Your objective
Apart from the images, every record below must be given again without alteration.

Dataset content
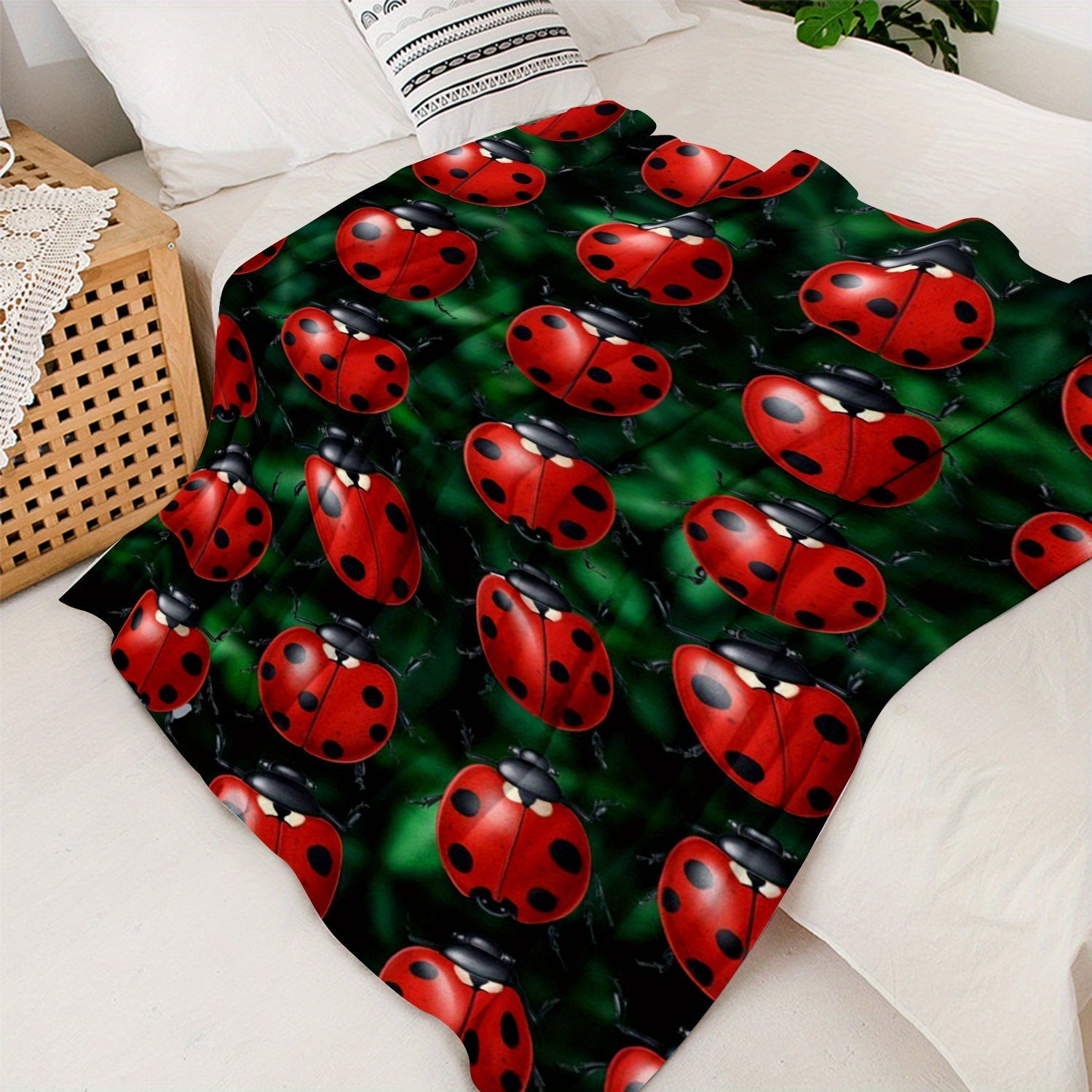 Ladybug Print Flannel Throw Blanket for Sofa Bed Travel All-Season Lightweight Polyester Knit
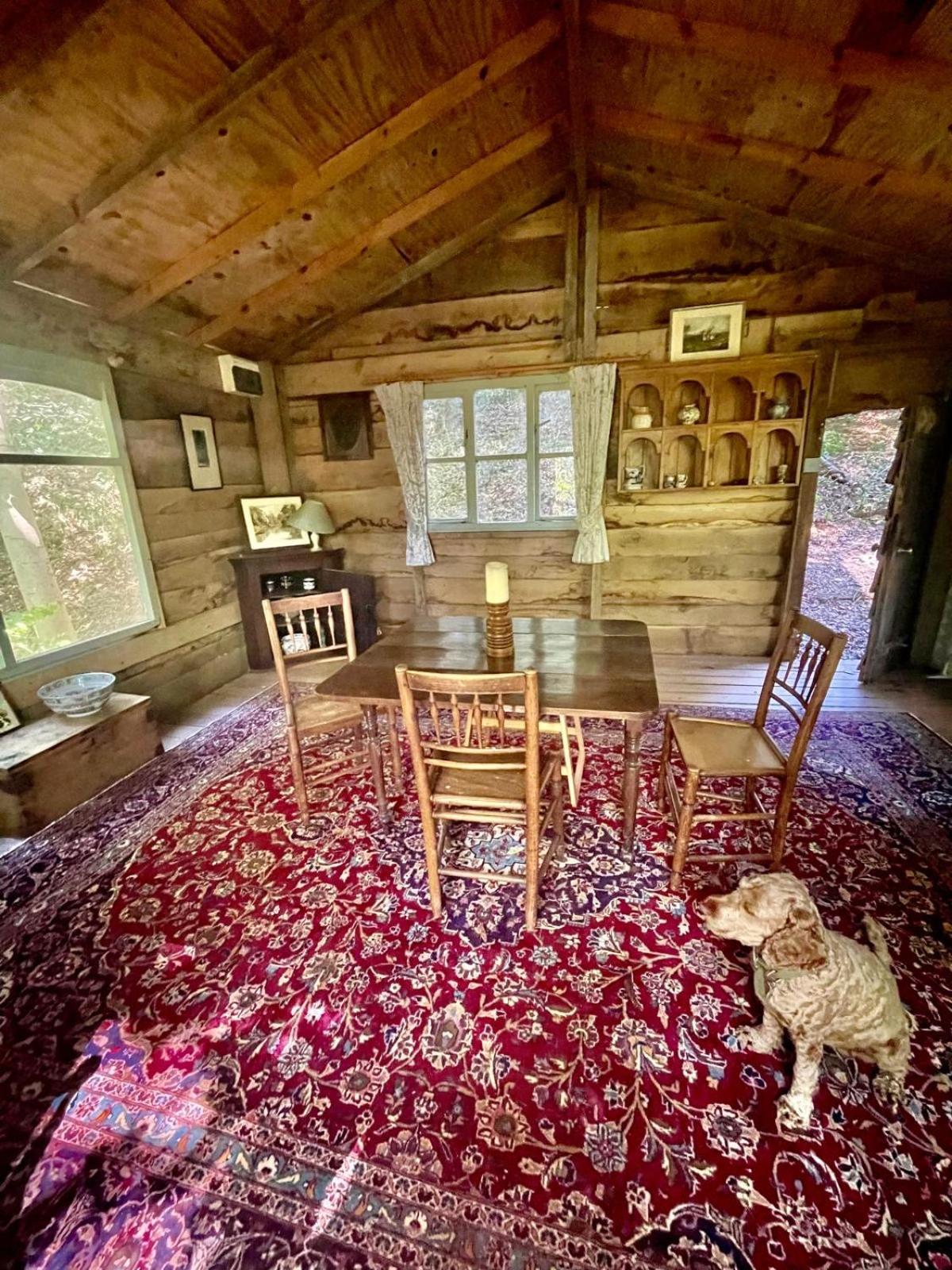 טנבורי Ebony Cottage מראה חיצוני תמונה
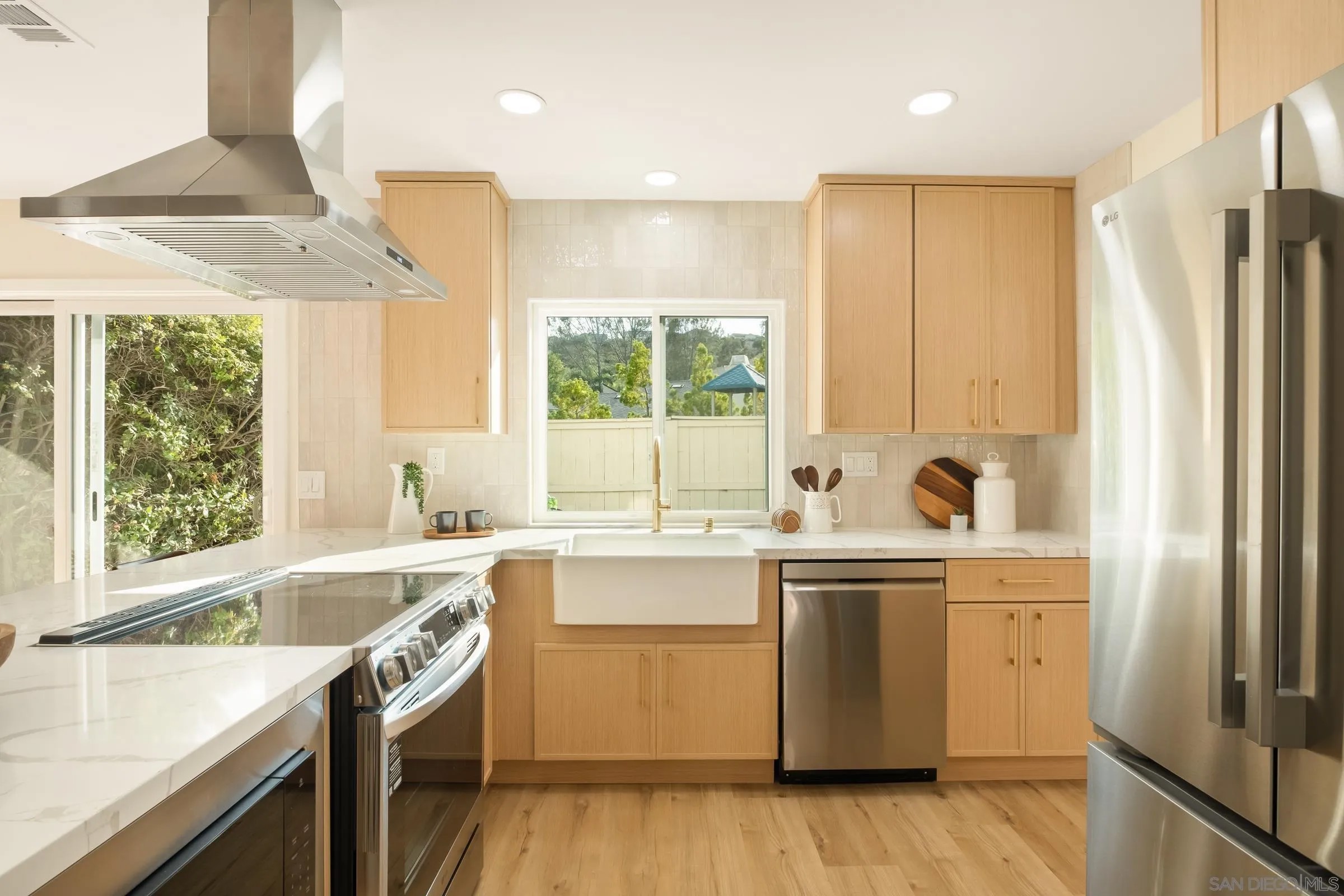 6759 Paseo Del Vista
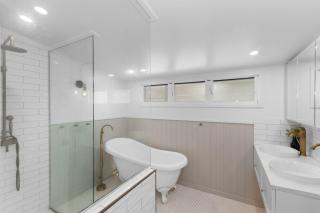 A Charming Period Stay, Lovingly Restored - 2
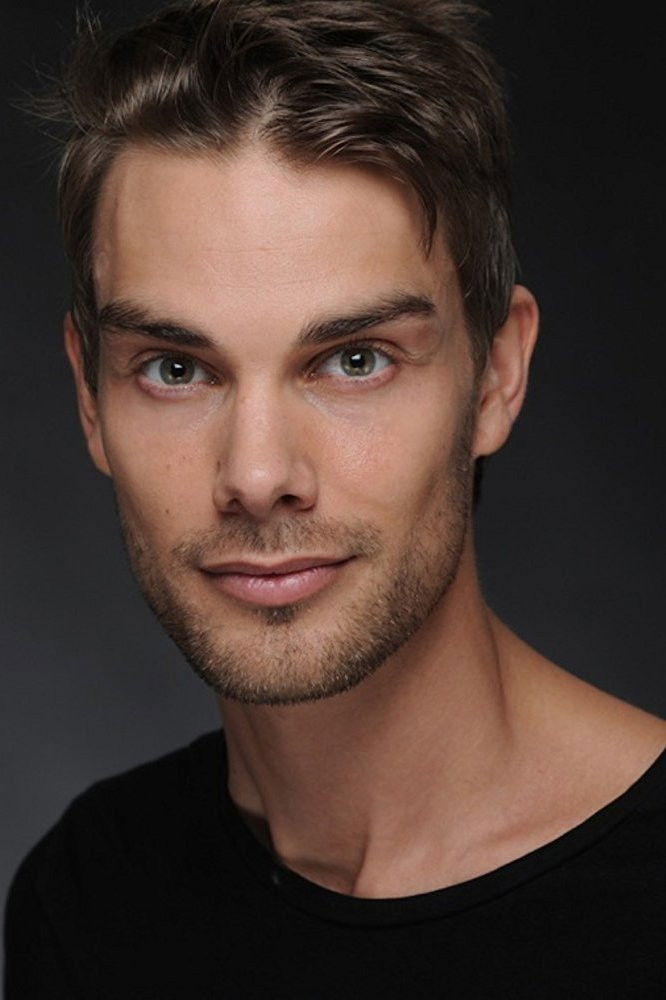 et billede af John Matton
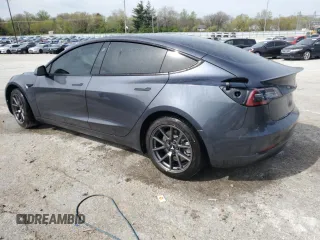 2022 Tesla Model 3 Long Range z VIN 5YJ3E1EB7NF238905, wystawiony jako Copart lot #53362045 z przebiegiem 52 002 mil mil oraz Szkoda całkowita • Salvage title. Historia ofert i sprzedaży dostępna na DreamBid. Obrazek 2.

Output for this exercise
 Ladybug Print Flannel Throw Blanket for Sofa Bed Travel All-Season Lightweight Polyester Knit
 טנבורי Ebony Cottage מראה חיצוני תמונה
 6759 Paseo Del Vista
 A Charming Period Stay, Lovingly Restored - 2
 et billede af John Matton
 2022 Tesla Model 3 Long Range z VIN 5YJ3E1EB7NF238905, wystawiony jako Copart lot #53362045 z przebiegiem 52 002 mil mil oraz Szkoda całkowita • Salvage title. Historia ofert i sprzedaży dostępna na DreamBid. Obrazek 2.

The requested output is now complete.